▸ **Prompt**:
Please print nothing but the lines from the one containing "Vintage Sterling Silver" to the final line below, exactly, and no pictures.

▸ **Given material**:
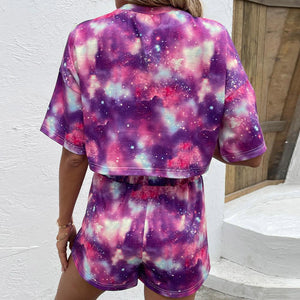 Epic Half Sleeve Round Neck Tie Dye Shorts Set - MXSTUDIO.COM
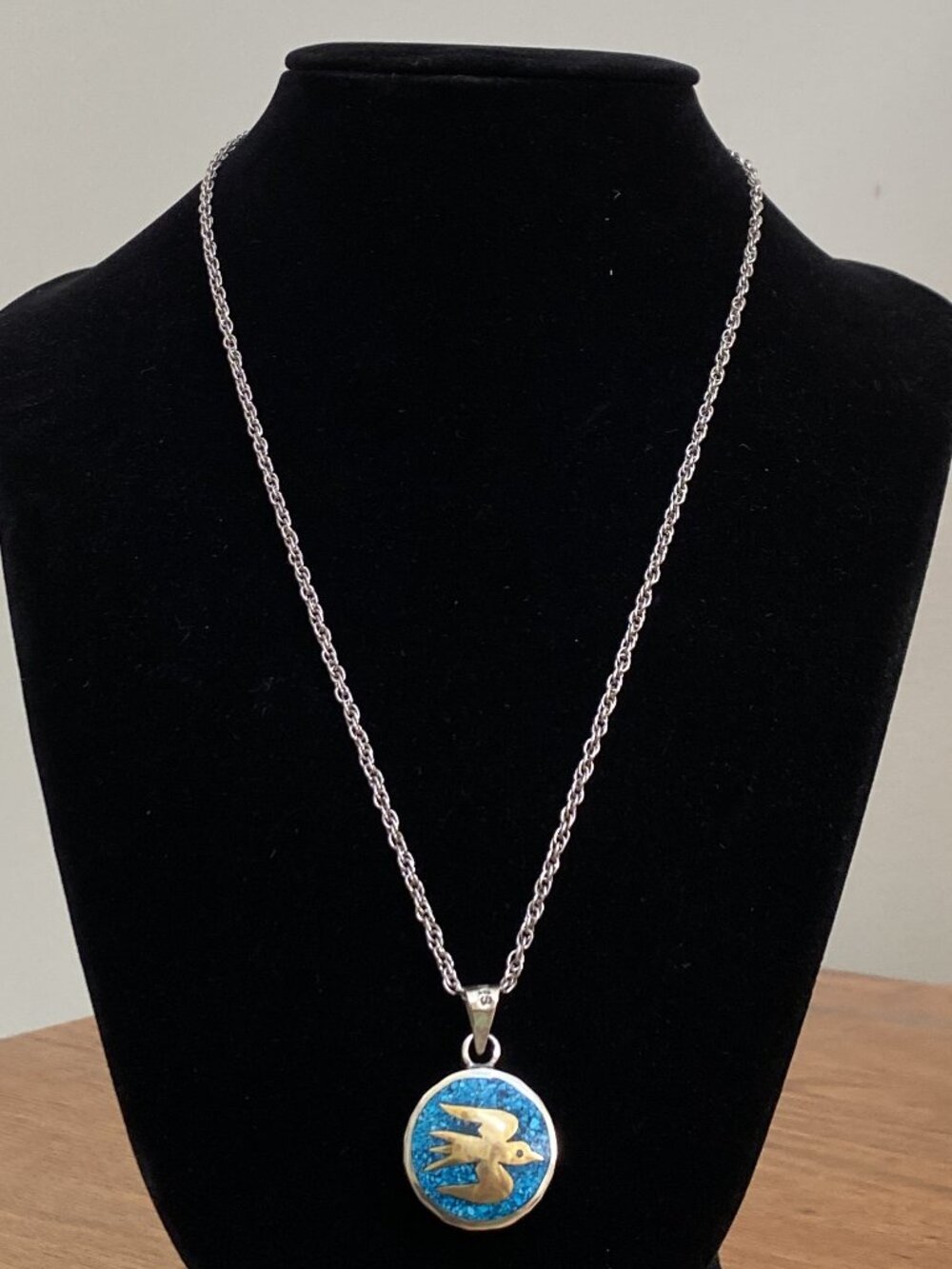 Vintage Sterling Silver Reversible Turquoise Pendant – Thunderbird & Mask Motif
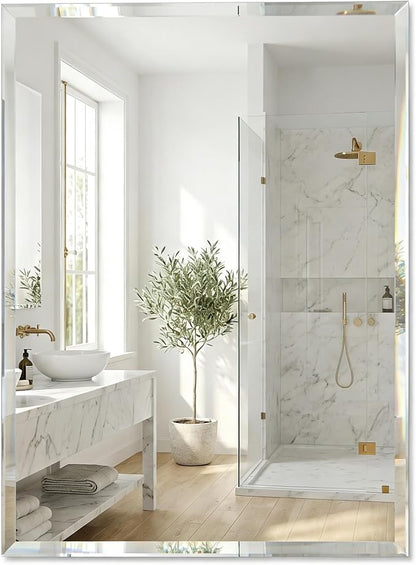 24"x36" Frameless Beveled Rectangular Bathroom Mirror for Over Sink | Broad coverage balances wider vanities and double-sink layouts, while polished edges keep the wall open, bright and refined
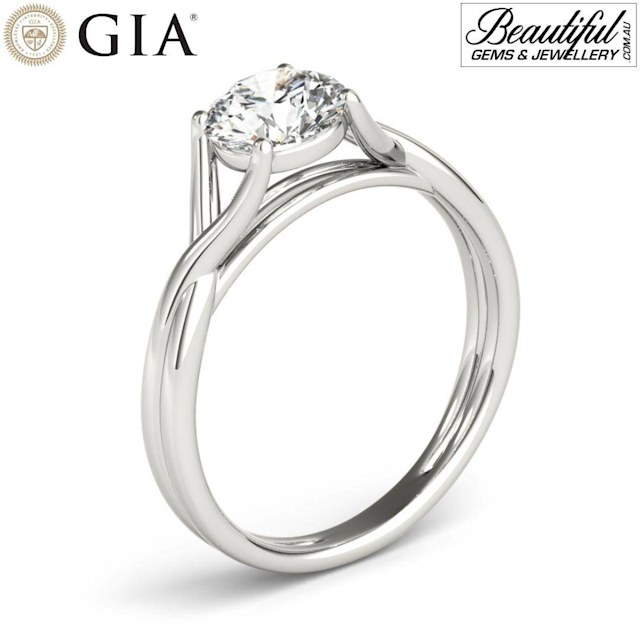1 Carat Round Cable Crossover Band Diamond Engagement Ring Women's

▸ **The completed task**:
 Vintage Sterling Silver Reversible Turquoise Pendant – Thunderbird & Mask Motif
 24"x36" Frameless Beveled Rectangular Bathroom Mirror for Over Sink | Broad coverage balances wider vanities and double-sink layouts, while polished edges keep the wall open, bright and refined
1 Carat Round Cable Crossover Band Diamond Engagement Ring Women's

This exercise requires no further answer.